Der Unterschied zwischen Westlern und Ostlern

 

Wo bist du aufgewachsen? Was machten deine Eltern? Wo gehört ihr zur Gemeinde? Macht nur dein Bruder in Hannover Musik?

Meine Heimat ist Limbach-Oberfrohna, eine Kleinstadt am Fuß des Erzgebirges, 12 km westlich von Chemnitz, im Herzen von Sachsen. (Man hört's, wenn ich ins Erzählen komme!) Mein Vater (Maschinenbauingenieur) war viele Jahre Chorleiter und Gemeindeleiter, meine Mutter Sekretärin. Seit 1976 bin ich mit Elisabeth geb. Heinrich verheiratet und wir haben vier Kinder. Seit unserem Umzug von Greifswald nach Hoisdorf (bei Hamburg) 1991 - das war damals ein gewaltiger Einschnitt! - gehören wir zur Gemeinde Großhansdorf.

 

Mein Bruder Hartmut (der damals in der DDR kein Abi machen durfte) hat in Dresden Kirchenmusik studiert, dann in Berlin-Weißensee als Kantor gearbeitet. Weil es aber in unserem Bund ja keine hauptamtlichen Kantoren gibt, ist er nun in Hannover "Musik-Pastor" geworden. Ich wünschte mir er hätte mehr Zeit zum Komponieren!

 

Warum hast du dich nach der Pastorenausbildung in Buckow für ein theologisches Studium an einer DDR-Uni entschieden? Ich meine, du wärest auch so ein ganz guter Pastor geworden.
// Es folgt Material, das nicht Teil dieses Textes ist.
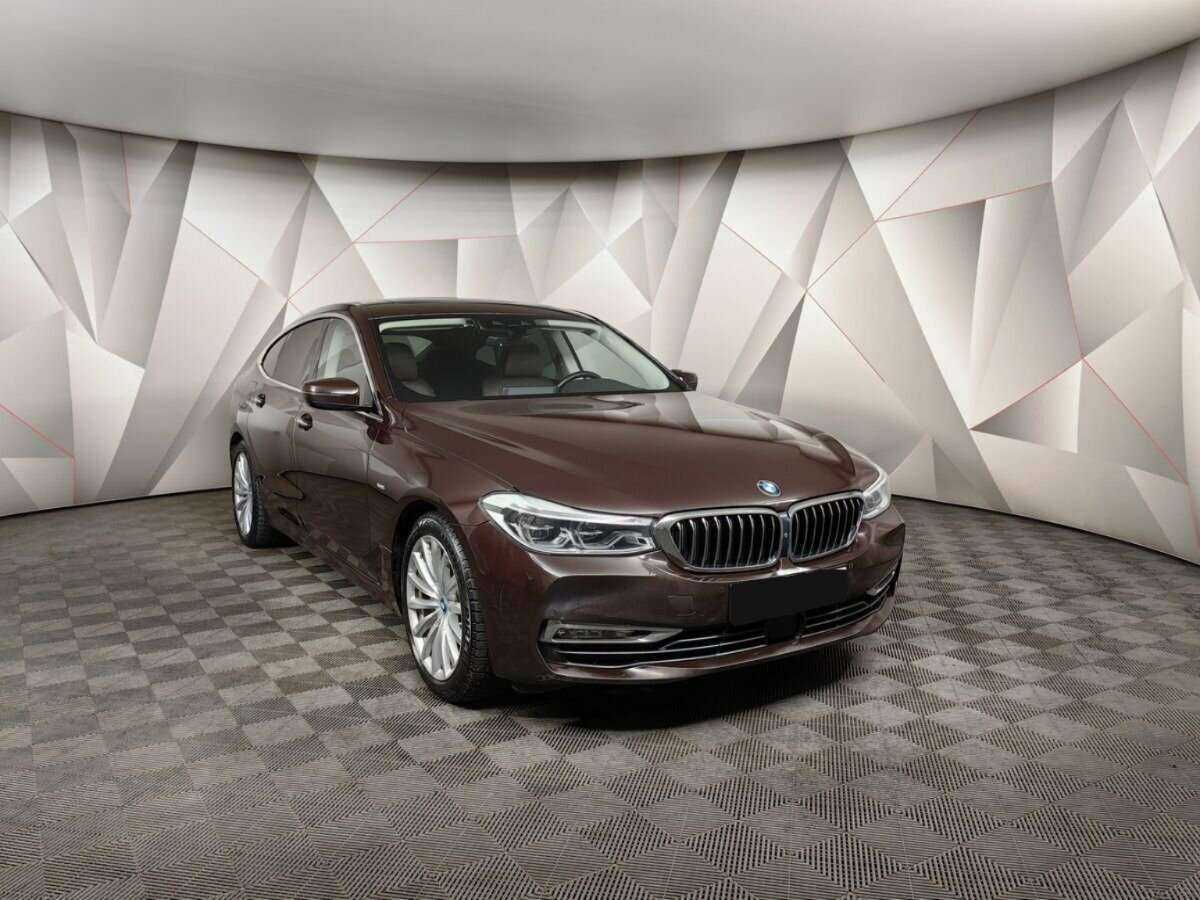 BMW 6 серии 2018 года с пробегом. Фото: #2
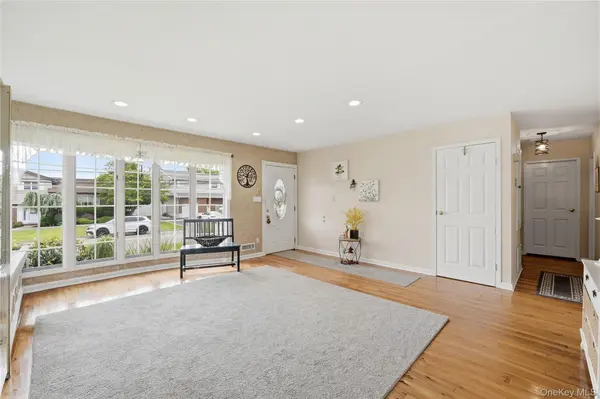 17 Mohawk PL, Massapequa, NY 11758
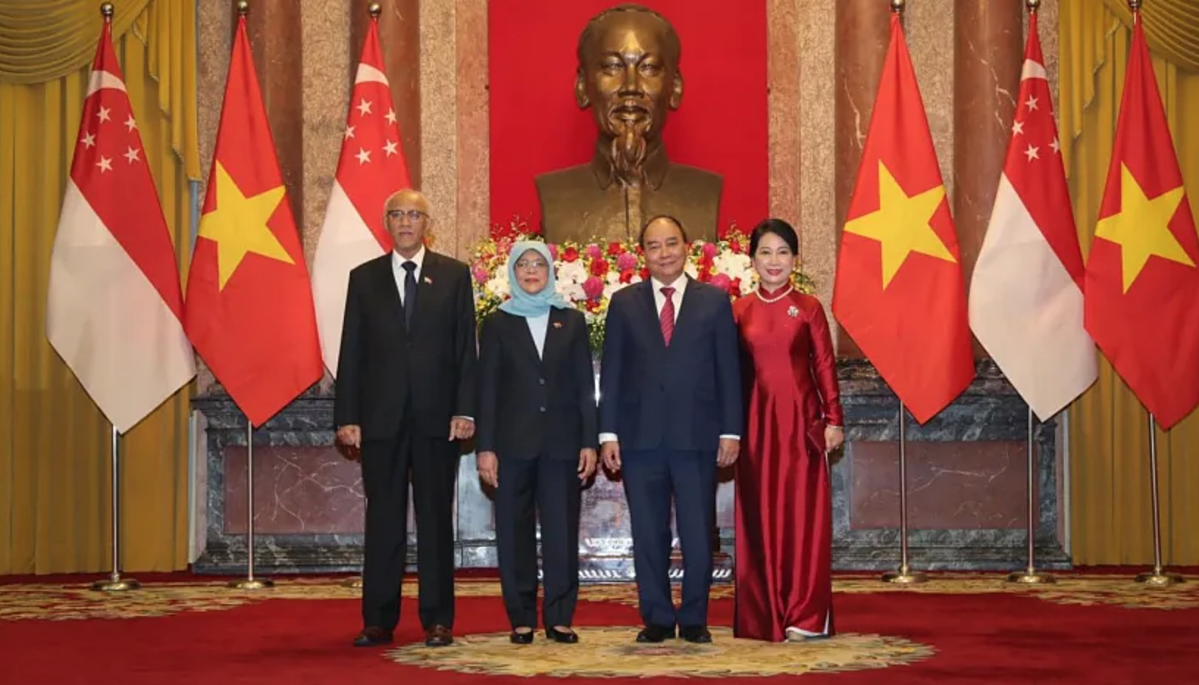 Chủ tịch nước Nguyễn Xuân Phúc cùng phu nhân bà Trần Nguyệt Thu và Tổng thống Halimah Yacob cùng phu quân, ông Mohamed Abdullah Alhabshee tại Phủ Chủ tịch, Hà Nội ngày 17/10/2022.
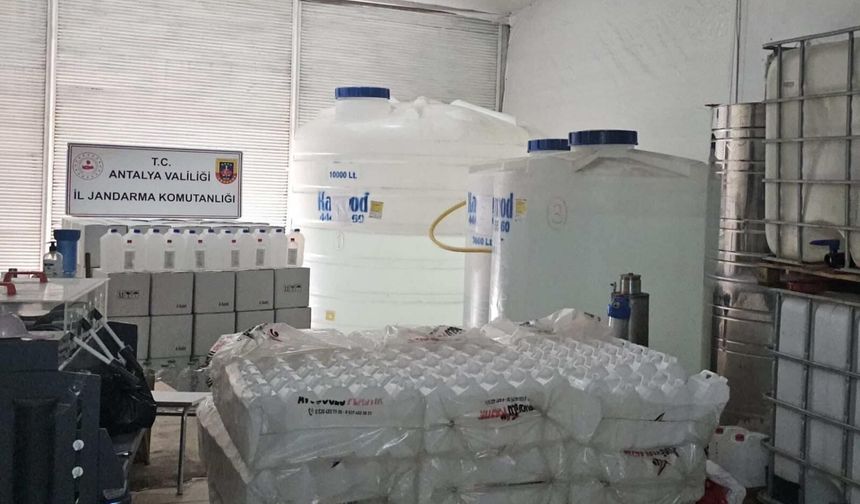 Sahte içki operasyonu: 20 bin 700 litre etil alkol ele geçirildi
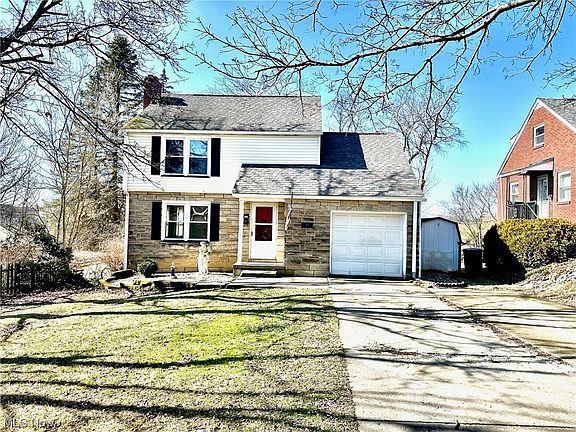 2nd image of 213 Wilma Ave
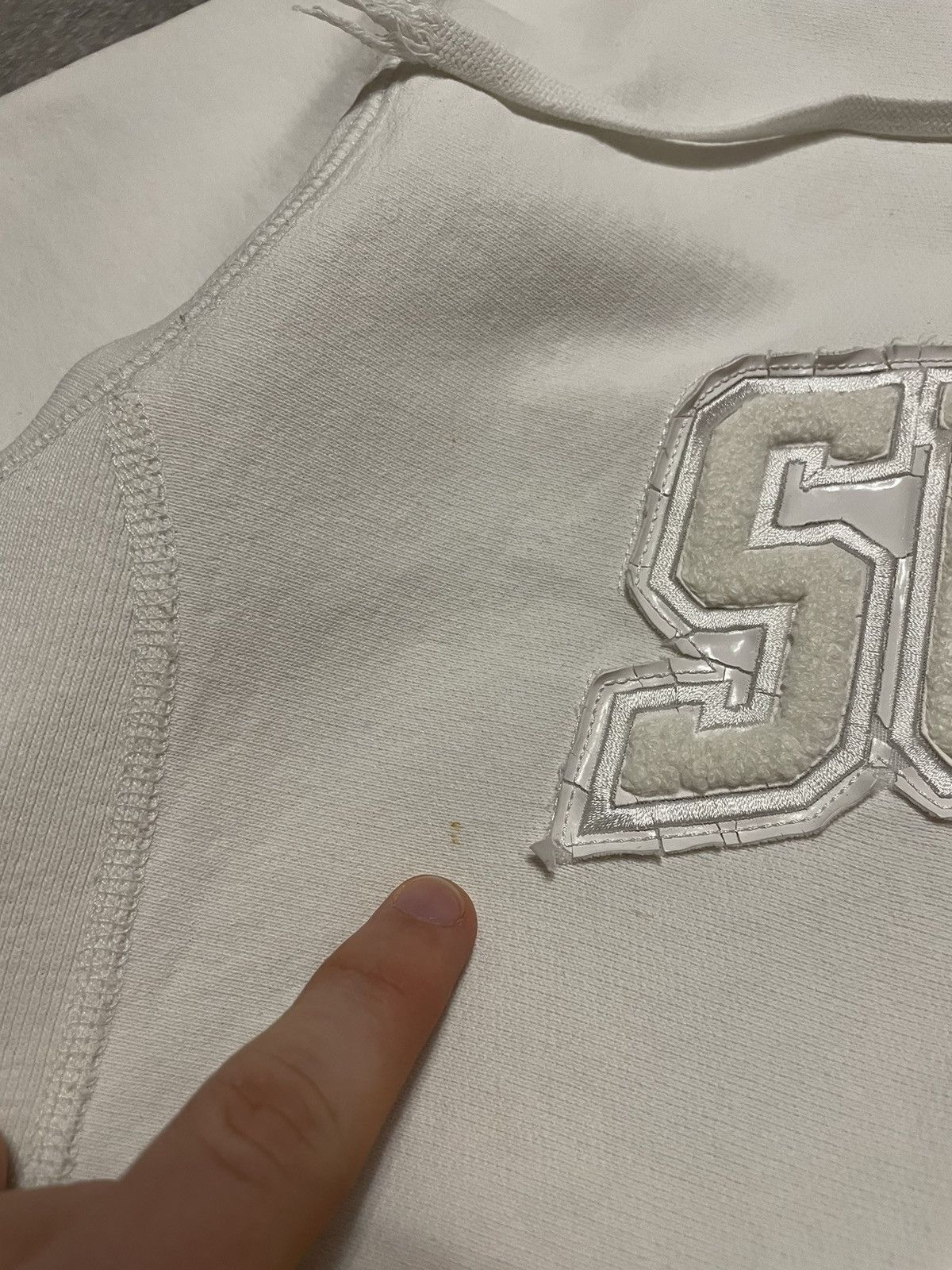 Supreme Supreme Hoodie Size US L / EU 52-54 / 3 - 9 Thumbnail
So, denkst du? Also die Sache ist sehr einfach: Weil mich die Theologie - vor allem die hebräische Sprache und das Alte Testament - so fasziniert und begeistert hatten, wollte ich gern noch ein bißchen weiterstudieren. Alle Versuche, das etwa in Rüschlikon zu tun, scheiterten an den DDR-Behörden. Dann ergab sich der Kontakt nach Halle/Saale zur Sektion Theologie (wie die Theologische Fakultät damals hieß), wo nicht nur Pietismusforschung getrieben wurde, sondern auch gelebter Glaube zu finden war. Mein Doktorvater Prof.Dr.Dr. Gerhard Wallis sagte am Ende des kleinen Empfangs, nachdem ich meine Dis­sertation verteidigt hatte, daß er sich freue in mir nicht nur einen willigen Studenten, sondern auch einen echten Bruder in Christus getroffen zu haben.

 

Wo hast du deine Liebe zum Alten Testament entdeckt? Bist du auch deshalb immer wieder in Nahost unterwegs?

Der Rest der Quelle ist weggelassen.